• **Try it**
Check each line of the material for the string "Dark", and copy the lines that have it.

====================

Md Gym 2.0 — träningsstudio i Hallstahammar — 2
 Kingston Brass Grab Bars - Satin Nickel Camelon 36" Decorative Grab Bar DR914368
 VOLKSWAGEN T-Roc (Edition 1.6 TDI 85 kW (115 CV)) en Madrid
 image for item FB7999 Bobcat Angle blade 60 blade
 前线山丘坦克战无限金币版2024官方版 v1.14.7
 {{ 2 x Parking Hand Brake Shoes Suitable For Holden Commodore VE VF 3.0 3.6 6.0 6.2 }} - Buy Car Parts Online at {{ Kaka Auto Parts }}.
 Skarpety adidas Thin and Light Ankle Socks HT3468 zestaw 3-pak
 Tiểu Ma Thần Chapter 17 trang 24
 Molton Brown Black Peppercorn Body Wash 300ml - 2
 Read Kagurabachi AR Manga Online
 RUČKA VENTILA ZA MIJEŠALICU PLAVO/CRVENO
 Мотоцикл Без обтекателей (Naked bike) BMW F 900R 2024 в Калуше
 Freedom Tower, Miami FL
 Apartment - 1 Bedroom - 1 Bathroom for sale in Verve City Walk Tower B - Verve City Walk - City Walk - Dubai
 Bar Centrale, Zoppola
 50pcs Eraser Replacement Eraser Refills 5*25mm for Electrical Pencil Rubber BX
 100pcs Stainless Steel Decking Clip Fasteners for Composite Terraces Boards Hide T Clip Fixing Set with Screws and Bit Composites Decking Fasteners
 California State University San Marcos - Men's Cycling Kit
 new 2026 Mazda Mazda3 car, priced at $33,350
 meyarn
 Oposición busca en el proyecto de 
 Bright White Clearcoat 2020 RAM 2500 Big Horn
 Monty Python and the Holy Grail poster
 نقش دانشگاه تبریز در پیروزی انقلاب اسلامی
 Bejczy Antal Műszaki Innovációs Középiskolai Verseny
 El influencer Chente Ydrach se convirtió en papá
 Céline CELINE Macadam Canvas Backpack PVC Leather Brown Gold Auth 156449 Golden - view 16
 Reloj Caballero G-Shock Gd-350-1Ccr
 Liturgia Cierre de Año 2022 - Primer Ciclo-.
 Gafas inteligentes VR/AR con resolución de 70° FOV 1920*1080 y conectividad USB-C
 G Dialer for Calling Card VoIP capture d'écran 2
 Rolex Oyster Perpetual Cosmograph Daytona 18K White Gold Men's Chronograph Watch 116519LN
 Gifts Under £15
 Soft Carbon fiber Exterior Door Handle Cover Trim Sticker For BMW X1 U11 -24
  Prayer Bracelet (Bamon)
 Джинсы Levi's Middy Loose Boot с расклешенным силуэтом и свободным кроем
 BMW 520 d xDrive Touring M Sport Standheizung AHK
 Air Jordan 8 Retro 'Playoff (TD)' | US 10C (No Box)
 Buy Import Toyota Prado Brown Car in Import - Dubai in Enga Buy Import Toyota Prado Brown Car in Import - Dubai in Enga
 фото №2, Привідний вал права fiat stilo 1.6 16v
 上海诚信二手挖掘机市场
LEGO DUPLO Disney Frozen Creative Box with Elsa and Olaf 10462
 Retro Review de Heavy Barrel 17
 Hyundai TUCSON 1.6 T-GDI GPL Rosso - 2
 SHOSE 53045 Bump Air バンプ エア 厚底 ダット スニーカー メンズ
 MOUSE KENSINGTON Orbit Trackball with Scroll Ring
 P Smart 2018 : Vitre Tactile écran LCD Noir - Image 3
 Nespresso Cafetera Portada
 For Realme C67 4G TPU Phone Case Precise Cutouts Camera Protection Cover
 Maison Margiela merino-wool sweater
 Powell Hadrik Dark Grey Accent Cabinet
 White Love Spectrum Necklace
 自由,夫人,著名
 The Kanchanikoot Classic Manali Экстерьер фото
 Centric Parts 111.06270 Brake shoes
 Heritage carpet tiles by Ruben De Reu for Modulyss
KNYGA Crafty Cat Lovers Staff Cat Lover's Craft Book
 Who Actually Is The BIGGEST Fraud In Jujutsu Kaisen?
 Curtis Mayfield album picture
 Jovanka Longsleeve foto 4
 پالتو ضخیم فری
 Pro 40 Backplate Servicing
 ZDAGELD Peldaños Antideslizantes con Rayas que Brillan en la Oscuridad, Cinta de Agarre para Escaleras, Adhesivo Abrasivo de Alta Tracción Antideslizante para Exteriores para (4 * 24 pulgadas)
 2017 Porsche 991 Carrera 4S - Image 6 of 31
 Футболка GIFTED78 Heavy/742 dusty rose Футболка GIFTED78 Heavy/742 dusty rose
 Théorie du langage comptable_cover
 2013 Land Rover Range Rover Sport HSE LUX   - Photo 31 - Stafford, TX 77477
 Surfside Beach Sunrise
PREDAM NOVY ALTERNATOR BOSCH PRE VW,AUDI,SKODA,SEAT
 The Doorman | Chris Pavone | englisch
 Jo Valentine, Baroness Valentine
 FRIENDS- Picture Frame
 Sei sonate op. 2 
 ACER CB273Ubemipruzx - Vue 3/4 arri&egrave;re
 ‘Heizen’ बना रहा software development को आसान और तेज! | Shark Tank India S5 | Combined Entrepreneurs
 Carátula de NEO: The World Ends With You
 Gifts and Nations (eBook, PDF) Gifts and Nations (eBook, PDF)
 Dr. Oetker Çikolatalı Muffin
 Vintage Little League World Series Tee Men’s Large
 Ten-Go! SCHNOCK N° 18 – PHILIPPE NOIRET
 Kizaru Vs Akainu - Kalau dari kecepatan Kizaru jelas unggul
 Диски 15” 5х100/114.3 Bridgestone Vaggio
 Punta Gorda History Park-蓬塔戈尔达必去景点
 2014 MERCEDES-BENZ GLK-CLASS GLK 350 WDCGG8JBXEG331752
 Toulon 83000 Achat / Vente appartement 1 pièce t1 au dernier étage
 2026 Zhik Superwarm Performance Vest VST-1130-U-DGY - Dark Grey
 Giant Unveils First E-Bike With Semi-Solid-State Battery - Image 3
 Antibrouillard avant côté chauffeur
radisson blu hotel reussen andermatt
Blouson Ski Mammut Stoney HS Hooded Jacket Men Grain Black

====================

• **Answer**
 Powell Hadrik Dark Grey Accent Cabinet
 2026 Zhik Superwarm Performance Vest VST-1130-U-DGY - Dark Grey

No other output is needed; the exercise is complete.